Using $$ 1+\tan x = \frac{\sin x + \cos x}{\cos x} = \frac{\sqrt{2} \cos (45^{\circ} - x)}{\cos x}, $$ the product can be written as: $$ \prod_{x=1}^{45}(1+\tan x^\circ) = 2^{45/2} \prod_{x=1}^{45} \frac{\cos (45 - x)^{\circ}}{\cos x^{\circ}} \stackrel{(1)}{=} 2^{45/2} \cdot \frac{\prod\limits_{x=0}^{44} \cos x^{\circ}}{\prod\limits_{x=1}^{45} \cos x^{\circ}} \stackrel{(2)}{=} 2^{45/2} \cdot \frac{\cos 0}{\cos 45^{\circ}} = 2^{23}, $$ where we

1. reindexed the product in the numerator, and
2. cancelled the common factors.

Another approach. If $x+y = 45^{\circ}$, then $$ 1 = \tan(x+y) = \frac{\tan x + \tan y}{1 - \tan x \tan y}, $$ which rearranges to $$ \tan x \tan y + \tan x + \tan y = 1 \quad \implies \quad (1+\tan x)(1+\tan y) = 2. $$ Now plug in $x = 0^{\circ}, 1^{\circ}, 2^{\circ}, \ldots, 45^{\circ}$, so that $y$ takes the same values but in the opposite order.

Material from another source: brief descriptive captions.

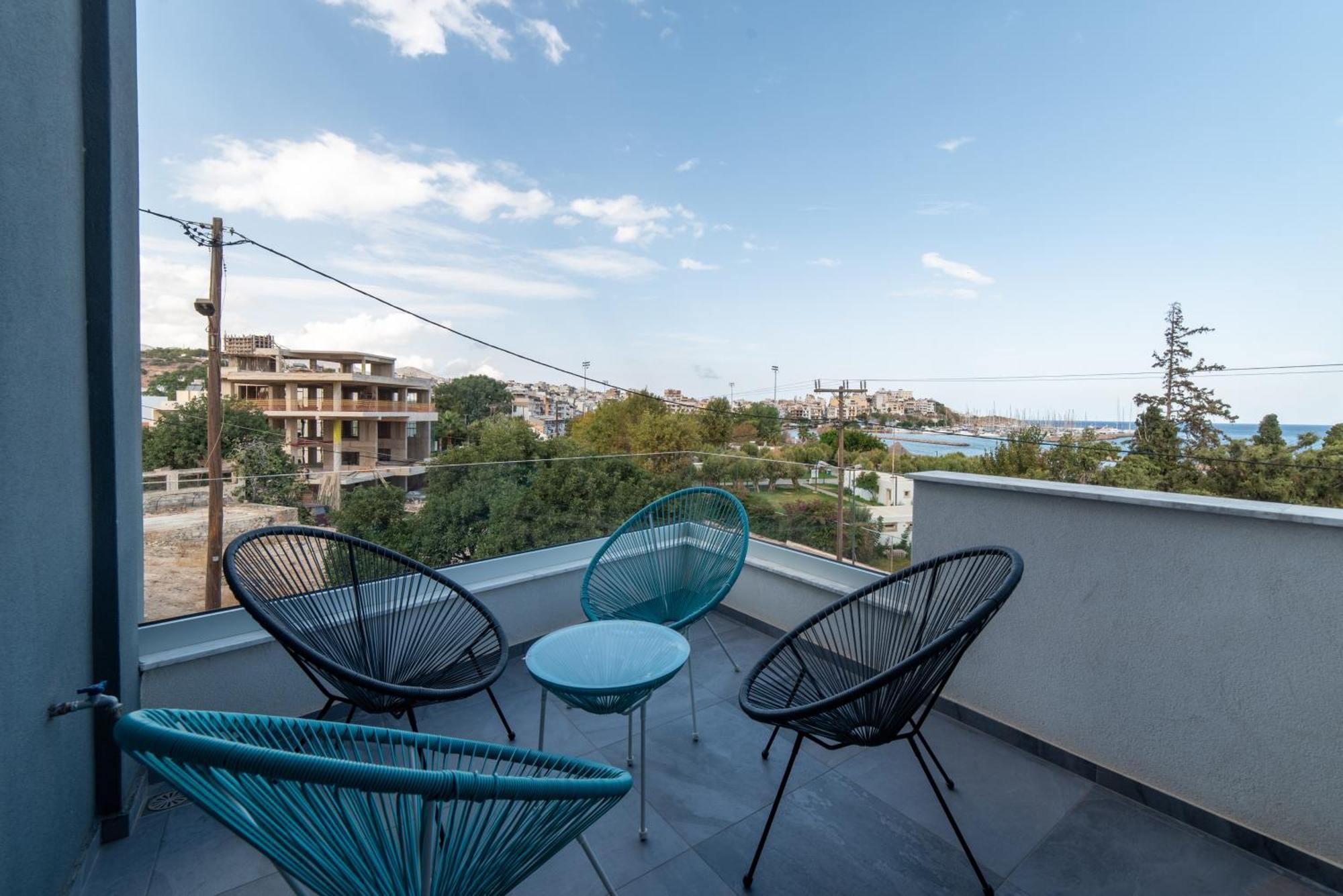 Filia'S Memories Apartments Ajos Nikolaos Zewnętrze zdjęcie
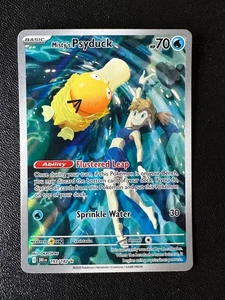 POKEMON TCG - RIVALES DESTINADOS - MISTY'S PSYDUCK 193/182 - Imagen 1 de 2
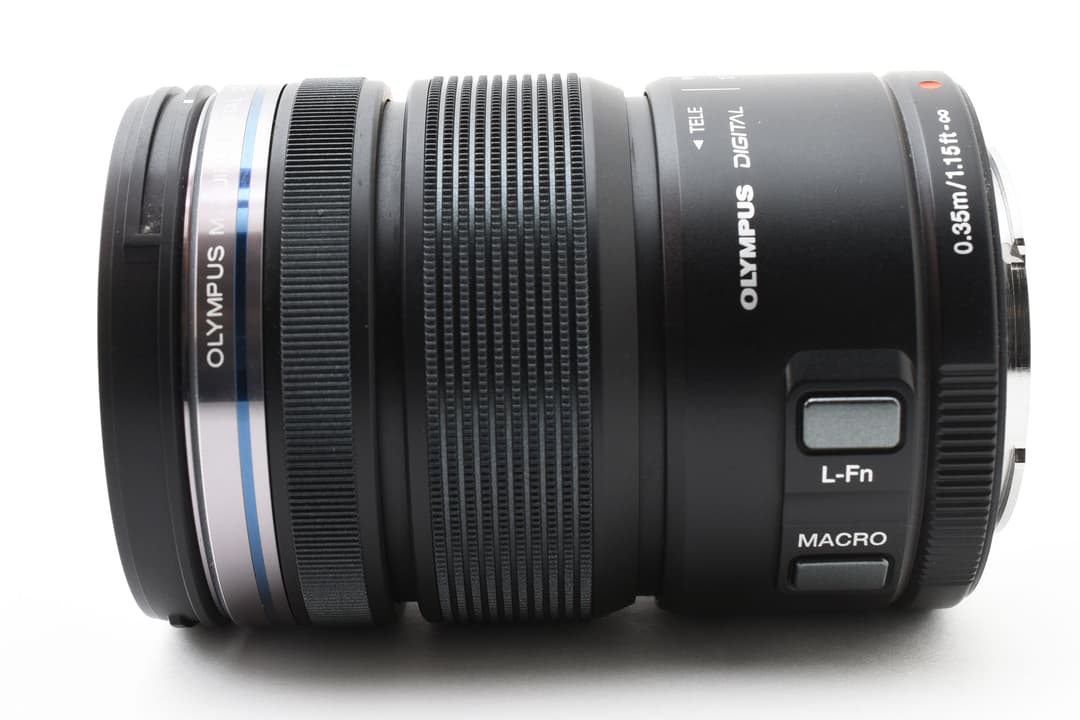 レンズ(ズーム) Olympus M.ZUIKO 12-50mm F3.5-6.3 #7798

Multiplying all these equations, we get $$ \left[ \prod_{x=0}^{45} (1+\tan x^\circ) \right]^2 = 2^{46}. $$ Taking square-roots and noting that $1+\tan 0^\circ = 1$, we get the answer.

Using this, $$(\cot A + \tan y)(\cot A+ \tan(A-y))=\csc^2A \text{ if } A\ne m\pi\text{ where }m\text{ is any integer}$$

Putting $A=45^\circ, (1 + \tan y)(1+ \tan(45^\circ-y))=\csc^245^\circ=2$

Now, putting $y=1^\circ,2^\circ,3^\circ,\cdots,\lfloor\frac{45}2\rfloor^\circ=22^\circ$ and multiplying them we get, $$\prod_{1\le r\le 22}(1+\tan r^\circ)(1+\tan(45-r)^\circ)=2^{22}$$

$$\implies \prod_{1\le r\le 44}(1+\tan r^\circ)=2^{22}$$

The unpaired $1+\tan45^\circ=1+1=2$